Next morning, we started sight-seeing by visiting Gyeongbokgung, Seoul’s principal palace. There we came just right to see the change of the guards. It was quite interesting, held in historical clothing and armour, carrying old weapons and flags. We wandered through the empty Palace grounds and also visited the National Folk Museum of Korea. Especially the kimchi-section was a magnet for Maria who loves Korean culture and cuisine. A stroll through Bukchon Hanok Village was next, a part of Seoul with traditional Korean homes. I did not find it particularly interesting though, being quite a long way from the appearance of hutongs in Beijing.

When it got dark, we walked along Cheong-gye-cheon, a newly created stream running through Seoul center. There we found the beautiful Seoul Lantern Festival. No ordinary lanterns, mind you. Special lanterns in the form of people, dragons, phoenixes, ships, riders, or just fantasy forms were to see, all nicely set into the small river. Although it was quite chilly, we spent a long time there walking up and down the river to check out all the different lanterns – and were often amazed by their beauty.

On our way back to our accommodation we encountered a little show-stopper: Standing on the subway door when it opened it was my great pleasure to be puked on. Instead of freaking out, Maria and I laughed all the way home (which was close by then luckily). However, going out was canceled, instead we had to wash clothes. Finally we grabbed a bite to eat in the same alley as the day before, although I only had my rain pants left to wear (the only other long pants I have with me).

Next day I paid a visit to the War Memorial Museum of Korea while Maria checked out some nice quarters. Having always been interested in military history, I wanted to see this special museum. After all this was the first country I visited that was officially still at war.

Surely it can be said that visiting the museum was my second highlight in Seoul (besides the lantern festival). I learned a lot of info I did not know before, for example that North and South Korea were created basically like Eastern and Western Germany: Out of two occupied zones after World War II. Like in Germany, reunification was on the agenda but instead, North Korea invaded the South. Sadly, the museum did not give any information about the role that South Korea had played in heating up the conflict, then being somewhat different from today’s democratic nation.

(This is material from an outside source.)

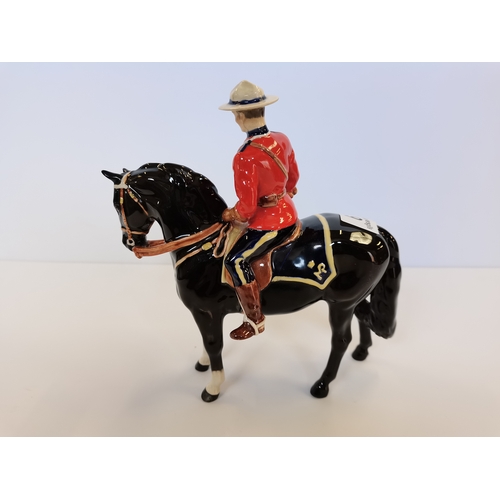 9 - Beswick Canadian Mountie on black horse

I did also not know that this was not a war of the US against North Korea (and later China) but that the South was supported by an UN resolution (the UN at this time being quite young still). More than a dozen countries fought under the UN’s banner, besides the US also countries like Turkey, Thailand as well as Sweden and Norway!

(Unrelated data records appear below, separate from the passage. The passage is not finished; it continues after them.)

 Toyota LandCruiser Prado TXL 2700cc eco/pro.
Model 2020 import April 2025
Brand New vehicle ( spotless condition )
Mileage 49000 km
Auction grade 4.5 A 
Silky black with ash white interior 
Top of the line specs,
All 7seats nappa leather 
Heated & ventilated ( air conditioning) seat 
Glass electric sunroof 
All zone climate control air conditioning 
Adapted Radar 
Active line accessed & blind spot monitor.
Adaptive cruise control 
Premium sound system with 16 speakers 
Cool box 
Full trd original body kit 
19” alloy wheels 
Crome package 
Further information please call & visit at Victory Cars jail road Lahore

After leaving the exhibition about the Korean War I wandered outside of the Museum through dark tangible military history: planes, tanks, boats – it reminded me on the Historical Military Museum I used to work in for a short time. Quite dreadful was the most outstanding piece of military equipment: a B52 bomber, standing massively in the dark night.

During the next day we took strolls through Seoul, trying to find some of the architectural gems. We managed to see one of the old city gates as well as Dongdaemun Design Plaza, a huge concrete curvaceous building made by architect Zaha Hadid. Taking several blocks of space it is not what you would call humble…

I was quite happy that after some days Maria and I left Seoul. I had enough of big cities and it was way too westernized for my taste. We had decided to head for a well-known historical folk village: Hahoe, close to the city of Andong.